La simple consultation d’un site Internet, fût-il terroriste, ne doit pas conduire en prison, a estimé, vendredi 10 février, le Conseil constitutionnel. Saisi par un Français poursuivi pour avoir consulté des contenus djihadistes, notamment des chants, sur l’application Telegram, ce dernier a jugé que le code pénal, qui prévoit depuis le mois de juin de punir de deux ans de prison et de 30 000 euros d’amende le fait de « consulter habituellement » des sites Internet faisant l’apologie du terrorisme ou incitant à commettre de tels actes était contraire à la Constitution.

Le Conseil a d’abord rappelé, en préambule, que « la libre communication des pensées et des opinions » garantie par la Déclaration des droits de l’homme de 1789 « implique la liberté d’accéder » à Internet. Il a ensuite expliqué que toute disposition rognant sur cette liberté se devait d’être « nécessaire, adaptée et proportionnée ».

Nécessaire, la loi contestée ne l’est nullement, a noté le Conseil, égrenant les nombreuses dispositions constituant l’arsenal répressif, judiciaire comme administratif, dont s’est dotée la France, ces dernières années, pour lutter contre le terrorisme. Les gardiens de la Constitution notent que les pouvoirs des enquêteurs et des magistrats en matière d’enquêtes antiterroristes sont nombreux et ont été accrus ces dernières années ; les capacités de surveillance des services de renseignement ont connu la même évolution, et des capacités administratives de blocage et de déréférencement des sites Internet ont été octroyées aux forces de l’ordre. Bref, résume le juge constitutionnel, les pouvoirs publics peuvent déjà « contrôler » les sites, « surveiller » leurs visiteurs et les « sanctionner » lorsqu’ils risquent de passer à l’action, et ce « avant même que ce projet soit entré dans sa phase d’exécution ».

Le Conseil constitutionnel a aussi estimé que l’atteinte à la liberté de communication portée par ce délit n’est ni adaptée, ni proportionnée, puisqu’il « n’impose pas que [son] auteur ait la volonté de commettre des actes terroristes », pas plus qu’il adhère « à l’idéologie exprimée » sur ces sites.
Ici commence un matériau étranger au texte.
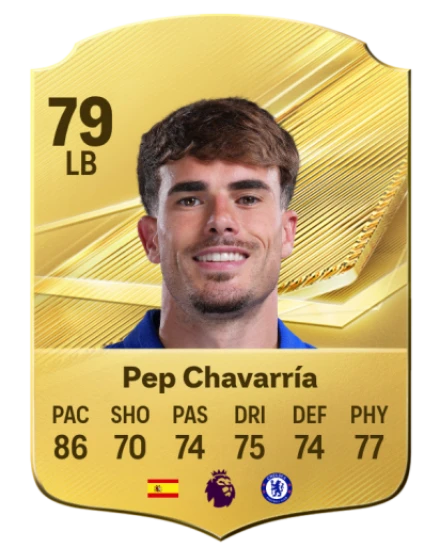 Pep Chavarría 79 Common LB FC 26 card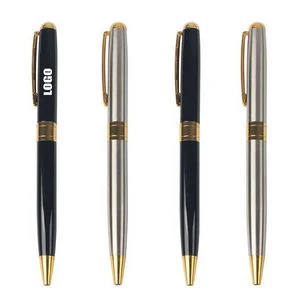 Gold Clip Twisted Metal Pen 1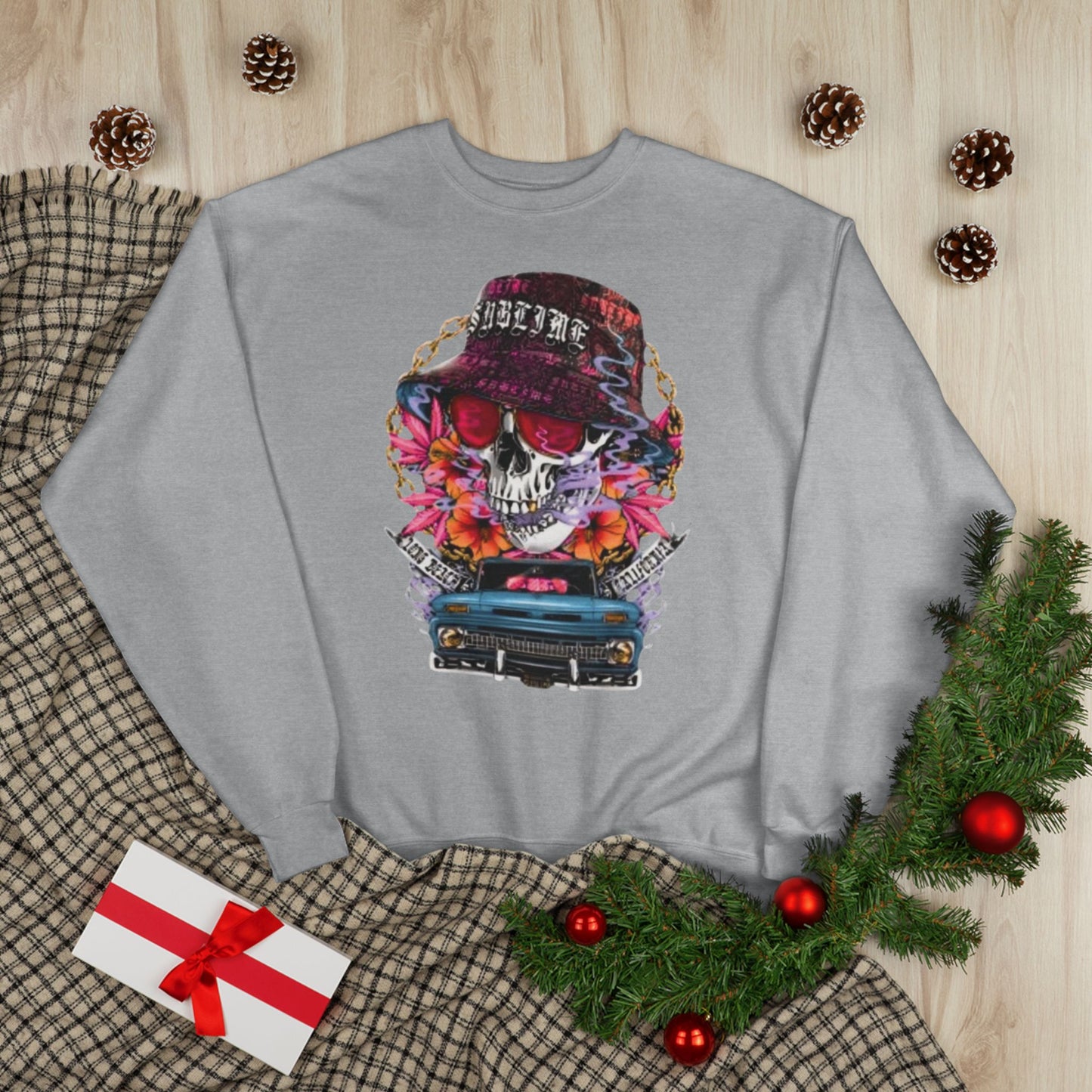 "GANGSTA SKULL / UNISEX SWEATSHIRT"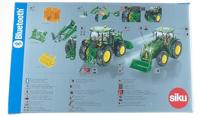 Siku Control bestuurbare tractor John Deere 7310R met voorlader en Bluetooth App besturing - thumbnail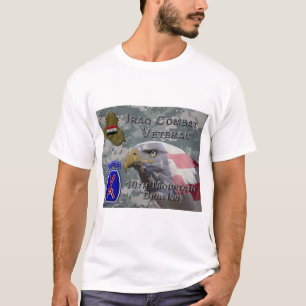 10th Mountain Div Irak Combat Veteran T Shirt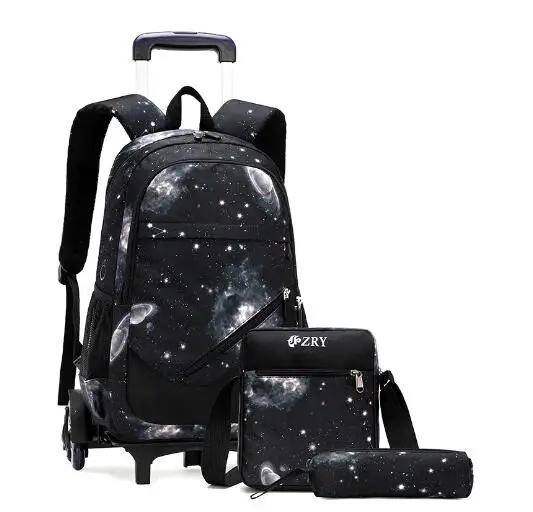 Ziranyu Schooltas Met Wielen Trolley Tassen Voor Jongens Kids Wheeled Backpack Tassen Kinderen School Rugzak Op Wielen Tieners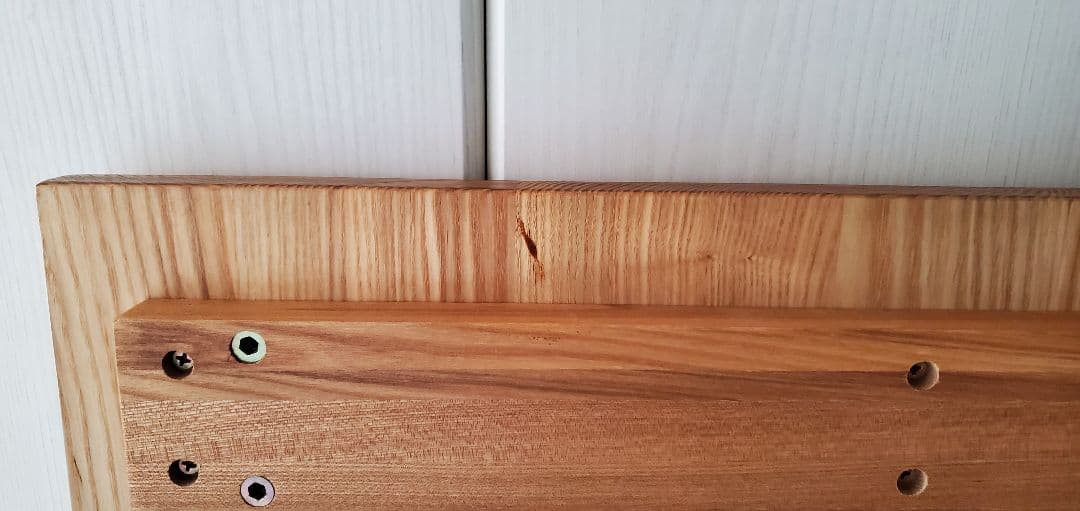 天然木　ローテーブル　四角脚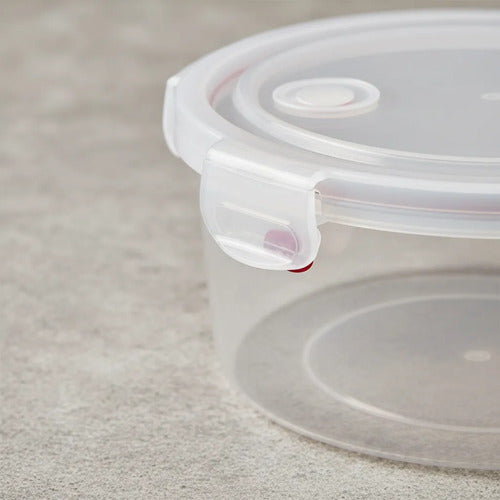 Set Recipientes Plastico Tuppers Hermeticos Cocina Pack X5 Blanco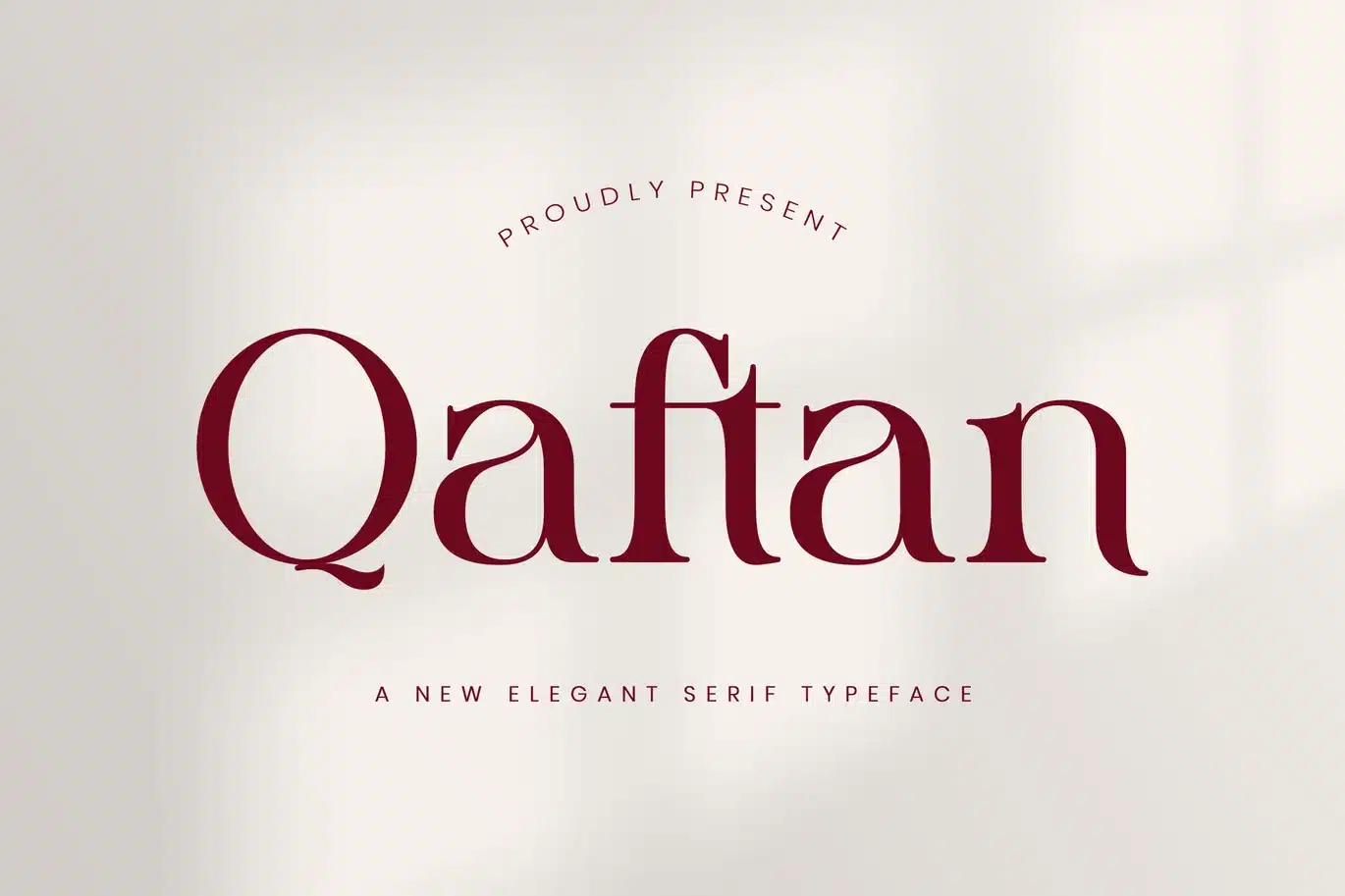 Qaftan Serif Font font preview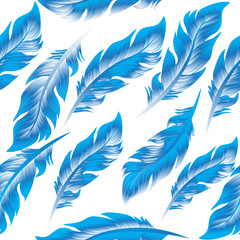  feathers seamless texture vector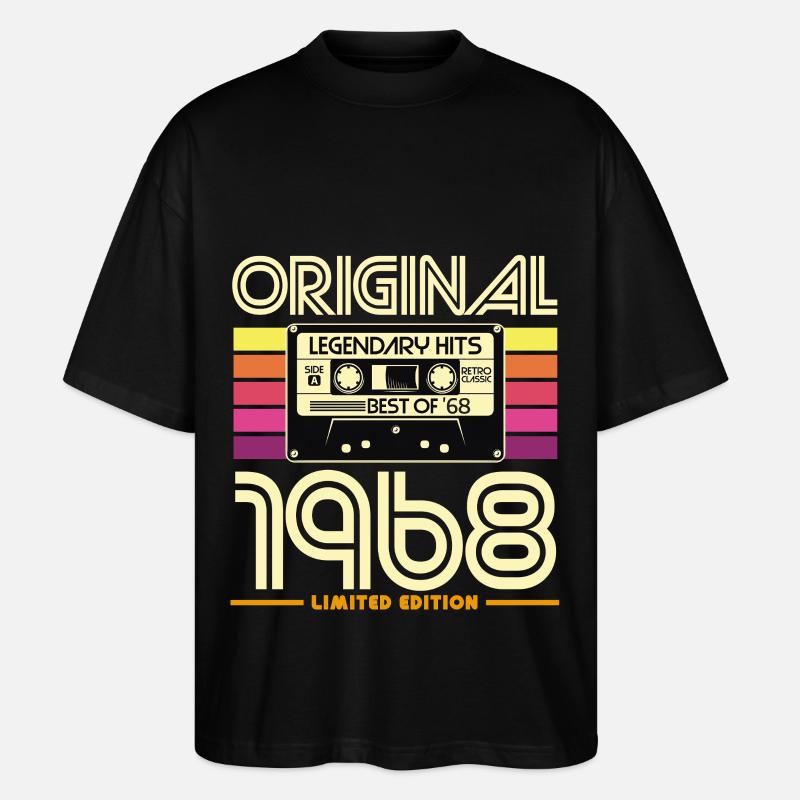 Original 1968 édition limitée - T-shirt bio Blaster 2.0 coupe oversize Stanley/Stella Unisexe - noir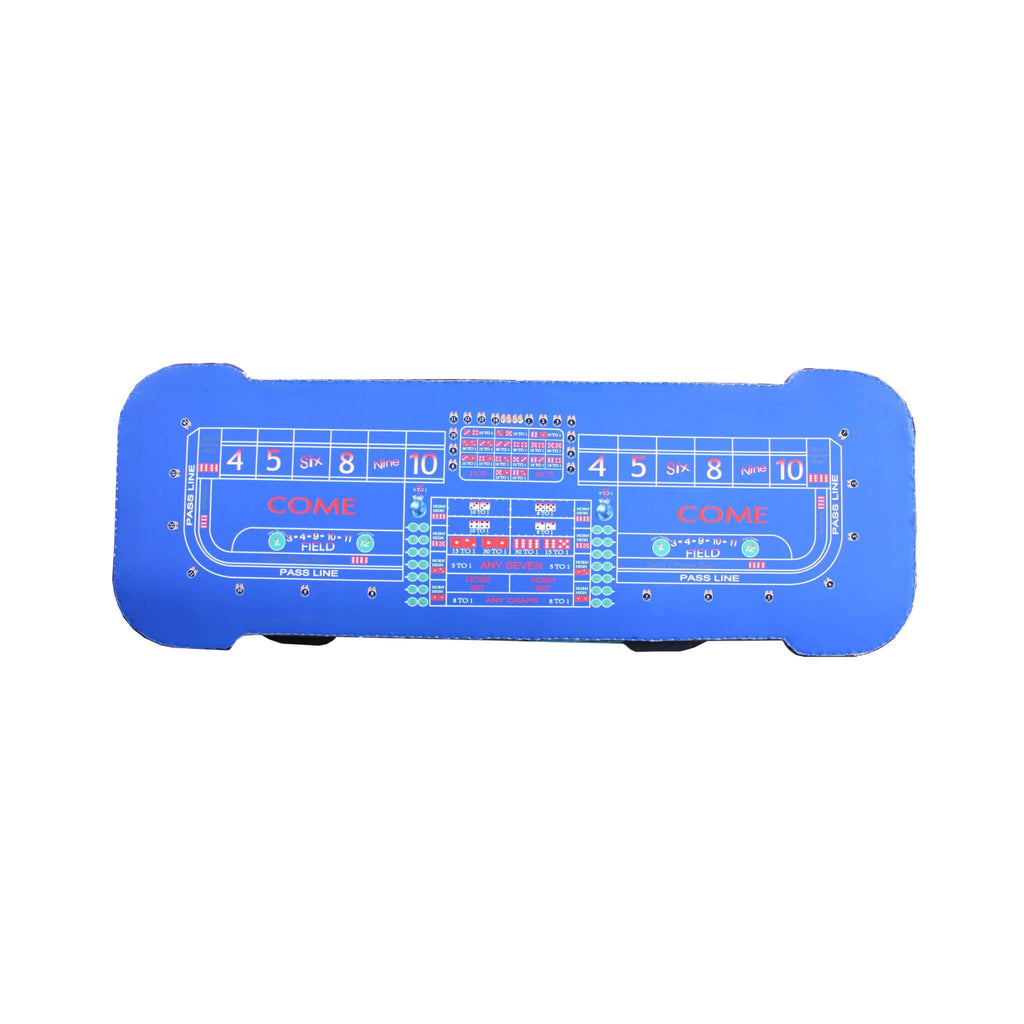 12FT Deluxe Casino Craps Game Table With Full Drink Rail (SAK68021) - Saksby Wholesale - Table Design View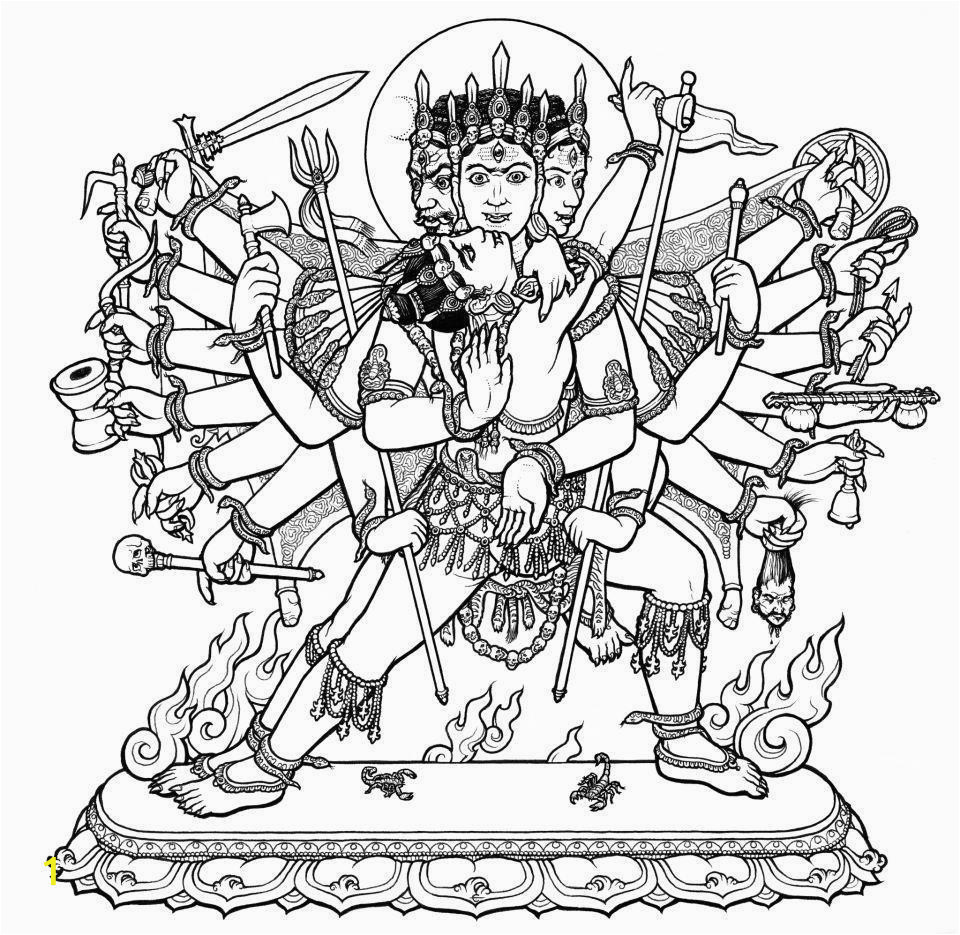 durga coloring pages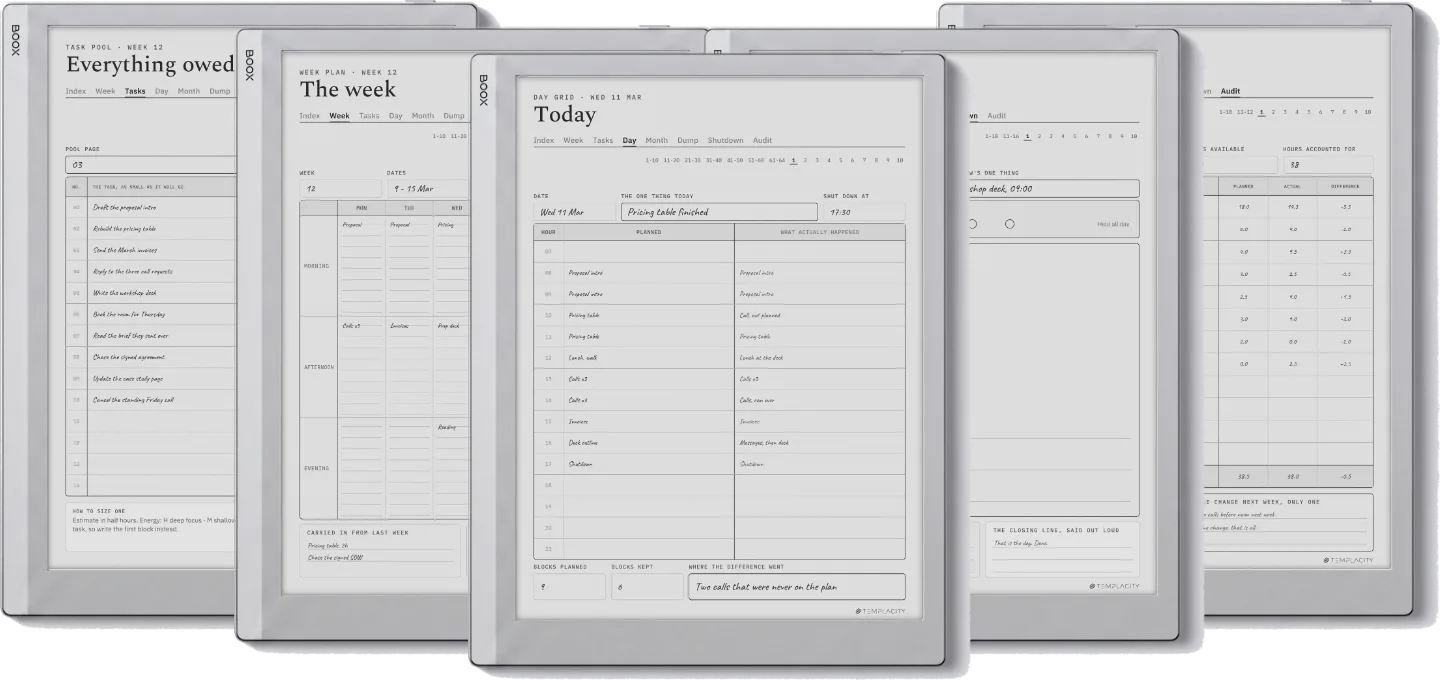 Time Block System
Autrement dit, et comme l’avait noté l’avocat François Sureau lors de son intervention devant le Conseil pour la Ligue des droits de l’homme, la loi contestée punit la « simple démarche intellectuelle ».

La loi prévoyait une exception lorsque la consultation habituelle était réalisée « de bonne foi ». Le Conseil a semble-t-il entendu les arguments de M. Sureau, qui a estimé lors de l’audience que la loi attaquée empêchait « le citoyen d’une démocratie de se former une opinion justifiée sur l’une des menaces les plus graves qui pèsent sur notre société, sur sa nature et sur ses formes », jetant « un pan entier de la liberté de penser […] dans l’ombre policière et répressive ». Les conseillers ont en effet balayé cette exception, jugeant qu’elle faisait « peser une incertitude sur […] l’usage d’Internet pour rechercher des informations ».

Fin d’un serpent de mer

Cette décision du Conseil constitutionnel intervient dans un contexte particulier : la France a adopté une loi à visée antiterroriste par an depuis 2012, sans compter les dispositions relatives à l’État d’urgence. Cet édifice sécuritaire est régulièrement critiqué pour le recul qu’il fait subir aux libertés, faisant dire à M. Sureau que « la tristesse de ce temps » tenait « à l’évidente fragilité des grands principes dans notre conscience même. […] Les gouvernements ont cédé. Les parlements ont cédé. Personne je crois n’aurait pu, dans notre jeunesse nourrie des grands exemples et des drames du passé, imaginer qu’ils céderaient aussi facilement, par lâcheté, par inconséquence ou par calcul ». Par cette décision, le Conseil constitutionnel enfonce un deuxième coin dans cet édifice, après sa décision du mois d’octobre concernant la surveillance hertzienne.

Le juge constitutionnel, dont la décision signe la fin de toutes les procédures pour consultation habituelle de sites terroristes à l’exception des affaires définitivement jugées, coupe aussi définitivement la tête d’un serpent de mer qui venait régulièrement hanter les débats parlementaires sur l’antiterrorisme. D’abord proposé en 2012 sous le quinquennat de Nicolas Sarkozy, après les attentats de Toulouse et Montauban, le délit de consultation habituelle de sites terroristes avait été vertement critiqué par le Conseil d’Etat, mais défendu par la droite, et finalement voté par les députés de gauche. Contre l’avis du gouvernement, il avait finalement pris place dans la loi sur la réforme pénale, promulguée en juin.